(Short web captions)

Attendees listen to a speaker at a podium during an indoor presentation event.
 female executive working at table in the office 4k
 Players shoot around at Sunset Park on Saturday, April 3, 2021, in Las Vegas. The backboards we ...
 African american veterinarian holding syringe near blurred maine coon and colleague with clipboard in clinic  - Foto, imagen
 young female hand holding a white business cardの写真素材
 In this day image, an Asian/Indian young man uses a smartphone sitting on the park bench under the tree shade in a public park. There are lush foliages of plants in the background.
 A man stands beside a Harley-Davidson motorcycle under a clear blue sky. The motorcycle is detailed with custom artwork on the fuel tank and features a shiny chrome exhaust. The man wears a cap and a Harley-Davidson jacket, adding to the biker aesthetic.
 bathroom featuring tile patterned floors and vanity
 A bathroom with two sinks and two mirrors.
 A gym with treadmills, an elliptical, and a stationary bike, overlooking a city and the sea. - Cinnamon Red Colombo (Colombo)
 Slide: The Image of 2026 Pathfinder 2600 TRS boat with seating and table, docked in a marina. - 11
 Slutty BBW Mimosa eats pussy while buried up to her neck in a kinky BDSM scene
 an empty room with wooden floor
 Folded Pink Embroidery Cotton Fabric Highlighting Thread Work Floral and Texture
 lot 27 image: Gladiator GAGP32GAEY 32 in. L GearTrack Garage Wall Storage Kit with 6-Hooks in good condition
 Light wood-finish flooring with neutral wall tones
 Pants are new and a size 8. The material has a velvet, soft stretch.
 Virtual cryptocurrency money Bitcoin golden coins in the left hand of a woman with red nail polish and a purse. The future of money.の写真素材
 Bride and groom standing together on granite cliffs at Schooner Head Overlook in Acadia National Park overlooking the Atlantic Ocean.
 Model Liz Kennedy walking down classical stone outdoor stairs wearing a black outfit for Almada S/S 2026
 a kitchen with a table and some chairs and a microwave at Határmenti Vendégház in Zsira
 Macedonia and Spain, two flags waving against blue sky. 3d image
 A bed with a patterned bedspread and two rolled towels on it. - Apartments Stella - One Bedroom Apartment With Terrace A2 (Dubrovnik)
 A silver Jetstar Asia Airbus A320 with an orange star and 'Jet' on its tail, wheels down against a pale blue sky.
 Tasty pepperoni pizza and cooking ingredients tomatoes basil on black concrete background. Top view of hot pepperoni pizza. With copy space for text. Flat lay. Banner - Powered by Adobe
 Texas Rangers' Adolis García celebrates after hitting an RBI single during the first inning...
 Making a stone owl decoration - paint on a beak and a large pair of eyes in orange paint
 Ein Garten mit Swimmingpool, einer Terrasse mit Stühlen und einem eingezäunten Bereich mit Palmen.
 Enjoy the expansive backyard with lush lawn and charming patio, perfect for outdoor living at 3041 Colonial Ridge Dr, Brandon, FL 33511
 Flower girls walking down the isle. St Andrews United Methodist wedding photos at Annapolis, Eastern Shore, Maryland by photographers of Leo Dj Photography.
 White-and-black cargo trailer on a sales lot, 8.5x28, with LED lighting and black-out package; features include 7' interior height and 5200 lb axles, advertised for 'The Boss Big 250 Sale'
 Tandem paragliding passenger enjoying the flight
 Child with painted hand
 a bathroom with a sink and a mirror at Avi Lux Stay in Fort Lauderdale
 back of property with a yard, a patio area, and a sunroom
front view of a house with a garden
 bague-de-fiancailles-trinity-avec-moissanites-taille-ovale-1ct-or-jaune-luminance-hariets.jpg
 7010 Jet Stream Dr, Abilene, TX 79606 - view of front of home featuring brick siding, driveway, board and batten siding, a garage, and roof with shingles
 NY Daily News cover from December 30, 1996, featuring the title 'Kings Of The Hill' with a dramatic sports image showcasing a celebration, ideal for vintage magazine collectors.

→ **Exercise aim**: Exactly what appears above must be set down again in full.

→ **Answer**:
Attendees listen to a speaker at a podium during an indoor presentation event.
 female executive working at table in the office 4k
 Players shoot around at Sunset Park on Saturday, April 3, 2021, in Las Vegas. The backboards we ...
 African american veterinarian holding syringe near blurred maine coon and colleague with clipboard in clinic  - Foto, imagen
 young female hand holding a white business cardの写真素材
 In this day image, an Asian/Indian young man uses a smartphone sitting on the park bench under the tree shade in a public park. There are lush foliages of plants in the background.
 A man stands beside a Harley-Davidson motorcycle under a clear blue sky. The motorcycle is detailed with custom artwork on the fuel tank and features a shiny chrome exhaust. The man wears a cap and a Harley-Davidson jacket, adding to the biker aesthetic.
 bathroom featuring tile patterned floors and vanity
 A bathroom with two sinks and two mirrors.
 A gym with treadmills, an elliptical, and a stationary bike, overlooking a city and the sea. - Cinnamon Red Colombo (Colombo)
 Slide: The Image of 2026 Pathfinder 2600 TRS boat with seating and table, docked in a marina. - 11
 Slutty BBW Mimosa eats pussy while buried up to her neck in a kinky BDSM scene
 an empty room with wooden floor
 Folded Pink Embroidery Cotton Fabric Highlighting Thread Work Floral and Texture
 lot 27 image: Gladiator GAGP32GAEY 32 in. L GearTrack Garage Wall Storage Kit with 6-Hooks in good condition
 Light wood-finish flooring with neutral wall tones
 Pants are new and a size 8. The material has a velvet, soft stretch.
 Virtual cryptocurrency money Bitcoin golden coins in the left hand of a woman with red nail polish and a purse. The future of money.の写真素材
 Bride and groom standing together on granite cliffs at Schooner Head Overlook in Acadia National Park overlooking the Atlantic Ocean.
 Model Liz Kennedy walking down classical stone outdoor stairs wearing a black outfit for Almada S/S 2026
 a kitchen with a table and some chairs and a microwave at Határmenti Vendégház in Zsira
 Macedonia and Spain, two flags waving against blue sky. 3d image
 A bed with a patterned bedspread and two rolled towels on it. - Apartments Stella - One Bedroom Apartment With Terrace A2 (Dubrovnik)
 A silver Jetstar Asia Airbus A320 with an orange star and 'Jet' on its tail, wheels down against a pale blue sky.
 Tasty pepperoni pizza and cooking ingredients tomatoes basil on black concrete background. Top view of hot pepperoni pizza. With copy space for text. Flat lay. Banner - Powered by Adobe
 Texas Rangers' Adolis García celebrates after hitting an RBI single during the first inning...
 Making a stone owl decoration - paint on a beak and a large pair of eyes in orange paint
 Ein Garten mit Swimmingpool, einer Terrasse mit Stühlen und einem eingezäunten Bereich mit Palmen.
 Enjoy the expansive backyard with lush lawn and charming patio, perfect for outdoor living at 3041 Colonial Ridge Dr, Brandon, FL 33511
 Flower girls walking down the isle. St Andrews United Methodist wedding photos at Annapolis, Eastern Shore, Maryland by photographers of Leo Dj Photography.
 White-and-black cargo trailer on a sales lot, 8.5x28, with LED lighting and black-out package; features include 7' interior height and 5200 lb axles, advertised for 'The Boss Big 250 Sale'
 Tandem paragliding passenger enjoying the flight
 Child with painted hand
 a bathroom with a sink and a mirror at Avi Lux Stay in Fort Lauderdale
 back of property with a yard, a patio area, and a sunroom
front view of a house with a garden
 bague-de-fiancailles-trinity-avec-moissanites-taille-ovale-1ct-or-jaune-luminance-hariets.jpg
 7010 Jet Stream Dr, Abilene, TX 79606 - view of front of home featuring brick siding, driveway, board and batten siding, a garage, and roof with shingles
 NY Daily News cover from December 30, 1996, featuring the title 'Kings Of The Hill' with a dramatic sports image showcasing a celebration, ideal for vintage magazine collectors.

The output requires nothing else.